1. An improved process for detecting objects by a neural network, said neural network being supplied at input with at least one original first optical flow map which represents the computerized tracking of moving objects in a scene by analyzing the differences in content between a first image, captured by an image acquisition device in a first position at an earlier time, and a successive second image, captured by said image acquisition device in a second position at a current time, characterized in that it comprises at least:
a first step of estimating the three translation parameters and the three rotation parameters of the ego-motion of the image acquisition device between said first position and said second position, the three translation parameters comprising two secondary translation parameters and one main translation parameter along a longitudinal axis which corresponds to the main movement of the image acquisition device,
a second step which consists in estimating a first rotation matrix which makes it possible to pass from the first position to a first virtual rectified position, and a second rotation matrix which makes it possible to pass from the second position to a second virtual rectified position, such that the two secondary translation parameters and the three rotation parameters which allow the passage from the first rectified position to the second rectified position are equal to zero,
a third step of normalization which consists in calculating a rectified second optical flow map which is obtained by applying the first rotation matrix and the second rotation matrix to the original first optical flow map, and which represents the computerized tracking of moving objects between the first rectified position and the second rectified position.

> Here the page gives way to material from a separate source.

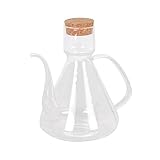 PLUS HOME Aceitera de Cristal de Borosilicato, Aceitera Antigoteo, Aceitera con Asa y Tapón de Corcho, Cabezal Ancho para Facilitar el Llenado.0.5Litro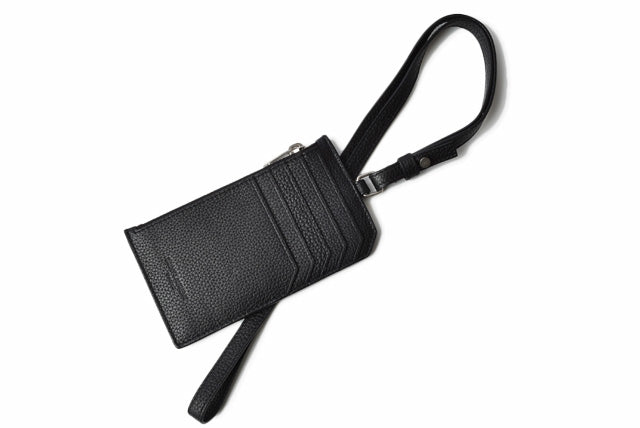 Saint Laurent- Paris Coin Case Card Case Neck Strap Leather Black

2. The improved process for detecting objects by a neural network as claimed in claim 1, further comprising a learning step which consists in supplying a neural network with a plurality of rectified optical flow maps according to the third step of normalization of the process, in order to train said neural network.

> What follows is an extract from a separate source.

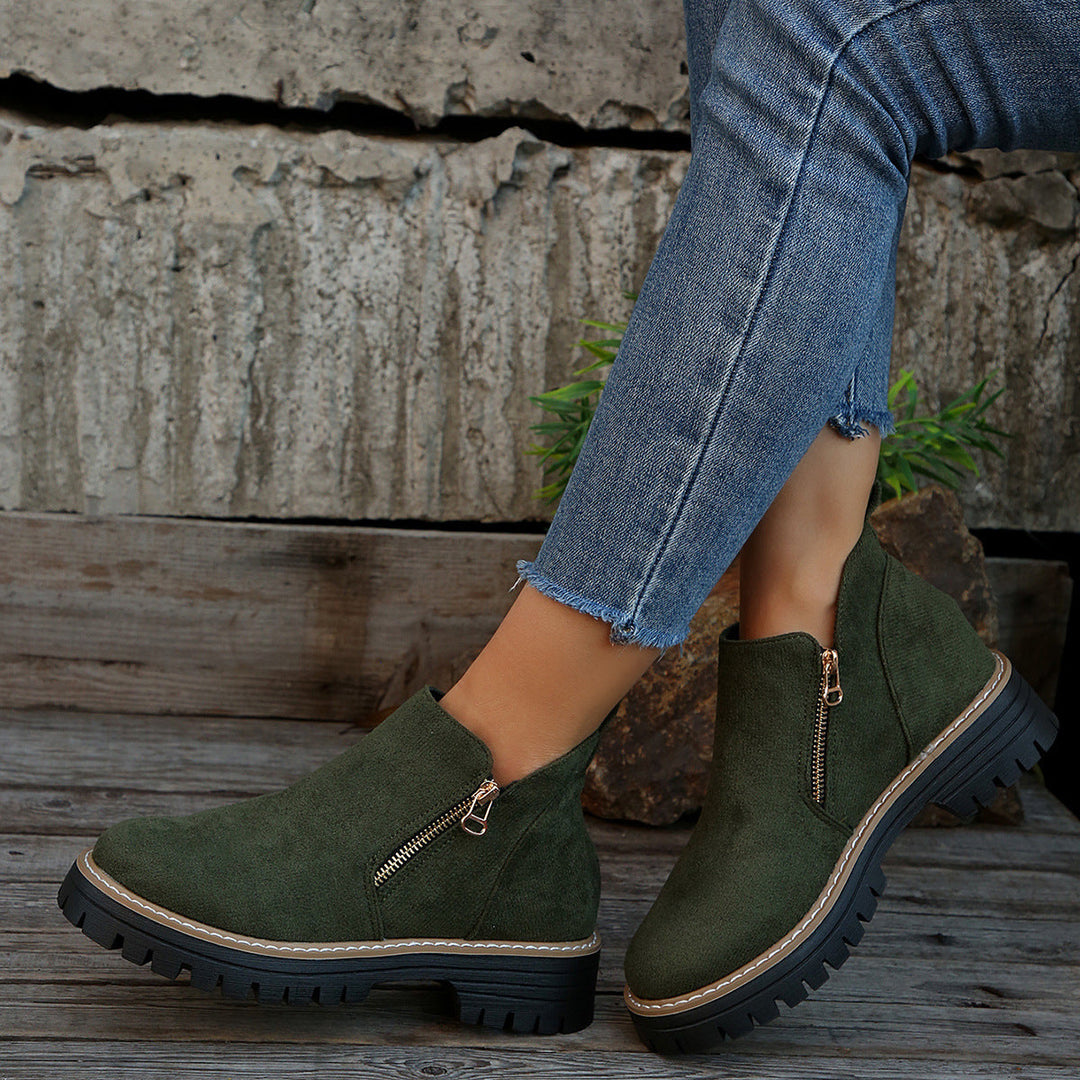 Bootara Women's Metro Chelsea Boots - Side-Zip Suede Ankle Boots with Chunky Heel (US 5-10.5)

3. The improved process for detecting objects by a neural network as claimed in claim 1, further comprising a detection step which consists in supplying a neural network with a plurality of rectified optical flow maps according to the third step of normalization, in order to carry out object detection.
4. A computer configured to implement the process as claimed in claim 1.

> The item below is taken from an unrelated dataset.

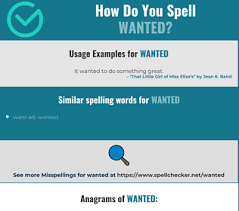 Just for example, you want your parents to. Correct Spelling For Wanted Infographic Spellchecker Net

5. A motor vehicle comprising a computer as claimed in claim 4 and at least one image acquisition device which is in unison with the motor vehicle in terms of motion, the motor vehicle moving mainly along a longitudinal axis.
6. The improved process for detecting objects by a neural network as claimed in claim 2, further comprising a detection step which consists in supplying a neural network with a plurality of rectified optical flow maps according to the third step of normalization, in order to carry out object detection.